Em um contexto em que a saúde mental das mulheres negras é frequentemente negligenciada e sofre o impacto da pressão constante do racismo estrutural e das múltiplas opressões, o aquilombamento surge como uma forma de cuidado. Ainda bem. Afinal, só com a mente em dia a gente consegue seguir lutando, resistindo e vivendo plenamente. 

Criar e frequentar espaços de aquilombamento permite que as mulheres negras encontrem apoio mútuo. “Apoio para a gente seguir adiante, para avançar mesmo diante das questões sociais. Apoio para viabilizar os nossos projetos, para nos ajudar a seguir sonhando mesmo quando uma sociedade diz não para a gente”, celebra Valéria Almeida, jornalista e apresentadora da TV Globo.

A colunista e editora da Vogue Claudia Lima acredita que o aquilombamento é sobretudo um ato político. “Onde podemos encontrar os nossos e colocar nosso ponto de vista, nossas dores e alegrias sem ter de nos explicar ou justificar.” Para nós, estar entre os nossos para trocar afeto é, sim, um ato revolucionário. Um grito de resistência que diz: estamos aqui e nos cuidamos.

Espaços de aquilombamento permitem que nossas histórias de sucesso e superação sejam contadas e celebradas. Quando a gente se reconhece e se vê em  outras mulheres negras, isso se torna um impulso poderoso, nos inspira e dá  coragem para seguir em frente, sabendo que não estamos sozinhas nessa jornada. Isso valida nossos sonhos e o triunfo de uma é o triunfo de todas.

Por isso, há quase dois anos, eu e Cris Guterres criamos o coletivo Herdeiras de Glória Maria para reunir jornalistas negras da comunicação. O nome é uma homenagem à jornalista que foi pioneira enquanto mulher negra na televisão e inspirou muitas de nós a sonharmos e realizarmos a possibilidade de ser jornalistas também. O grupo que, hoje, reúne cerca de 60 mulheres é um espaço de trocas e afetos, mas sobretudo de fortalecimento dentro da comunicação. Um lugar para não nos sentirmos mais sozinhas, uma vez que ainda somos minoria no universo do jornalismo. 

Sem apoio emocional, fica difícil lidar com as adversidades e seguir em frente com mais força

“Sempre vi o aquilombamento com deslumbre, até um certo romantismo, mas hoje percebo que nunca superestimei o conceito. Conheci a prática do aquilombar e percebi o quanto é poderoso. É  acolhimento, ajuda, crescimento coletivo, estratégia. São incontáveis qualidades. Aquilombamento é potência”, compartilha  Luciana Barreto, jornalista e apresentadora da TV Brasil. 
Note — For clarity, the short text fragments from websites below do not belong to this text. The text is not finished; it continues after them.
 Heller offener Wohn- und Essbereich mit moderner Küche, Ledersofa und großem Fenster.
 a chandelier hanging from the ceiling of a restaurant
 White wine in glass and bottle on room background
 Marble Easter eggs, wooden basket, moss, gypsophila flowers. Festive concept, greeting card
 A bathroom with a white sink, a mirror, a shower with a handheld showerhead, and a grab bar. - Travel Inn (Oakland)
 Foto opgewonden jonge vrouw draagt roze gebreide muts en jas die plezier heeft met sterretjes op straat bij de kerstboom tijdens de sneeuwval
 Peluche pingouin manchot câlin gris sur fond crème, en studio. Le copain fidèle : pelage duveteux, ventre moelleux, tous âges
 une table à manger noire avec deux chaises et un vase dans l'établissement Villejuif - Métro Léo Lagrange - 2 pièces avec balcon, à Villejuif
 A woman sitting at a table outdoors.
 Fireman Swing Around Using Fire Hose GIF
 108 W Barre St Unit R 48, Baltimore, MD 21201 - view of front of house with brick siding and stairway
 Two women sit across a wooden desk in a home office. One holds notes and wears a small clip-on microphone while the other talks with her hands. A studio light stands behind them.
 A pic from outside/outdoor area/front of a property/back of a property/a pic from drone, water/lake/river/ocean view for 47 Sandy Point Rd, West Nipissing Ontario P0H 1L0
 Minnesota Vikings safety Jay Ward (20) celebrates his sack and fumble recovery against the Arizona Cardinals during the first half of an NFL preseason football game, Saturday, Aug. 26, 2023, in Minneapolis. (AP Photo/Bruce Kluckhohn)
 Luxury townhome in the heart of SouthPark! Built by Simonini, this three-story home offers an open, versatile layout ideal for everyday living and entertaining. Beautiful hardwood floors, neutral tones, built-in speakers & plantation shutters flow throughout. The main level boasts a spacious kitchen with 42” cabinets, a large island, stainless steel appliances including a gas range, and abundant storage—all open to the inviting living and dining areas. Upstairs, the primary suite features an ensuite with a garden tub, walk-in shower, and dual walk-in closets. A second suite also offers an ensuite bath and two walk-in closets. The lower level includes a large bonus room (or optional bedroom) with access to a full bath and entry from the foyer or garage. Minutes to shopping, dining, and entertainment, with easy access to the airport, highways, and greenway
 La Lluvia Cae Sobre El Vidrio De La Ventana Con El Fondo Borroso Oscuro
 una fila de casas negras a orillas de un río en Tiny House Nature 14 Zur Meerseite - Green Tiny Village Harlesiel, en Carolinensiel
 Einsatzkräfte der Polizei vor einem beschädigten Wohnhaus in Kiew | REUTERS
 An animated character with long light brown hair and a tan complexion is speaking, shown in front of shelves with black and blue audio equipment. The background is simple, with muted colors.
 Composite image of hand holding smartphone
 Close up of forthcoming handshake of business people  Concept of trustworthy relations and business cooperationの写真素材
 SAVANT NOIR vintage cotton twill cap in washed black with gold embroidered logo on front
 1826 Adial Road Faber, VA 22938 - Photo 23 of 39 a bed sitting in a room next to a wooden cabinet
Como diz Angela Davis, “quando uma mulher negra se movimenta, toda sociedade se movimenta com ela”. Já percebeu como isso transforma nossas vidas e nossas comunidades? Sem esse apoio emocional, sem esse afeto, sem o reconhecimento, fica difícil lidar com as adversidades e seguir em frente com mais força.“Porque sozinhas a gente até vai, mas, juntas, vai muito mais longe, né? A gente se apoia, se inspira, se empodera. E quando se une, a gente transforma”, diz Cris. Concordo plenamente. E faço aqui então um chamado a todas as mulheres negras: aquilombem-se!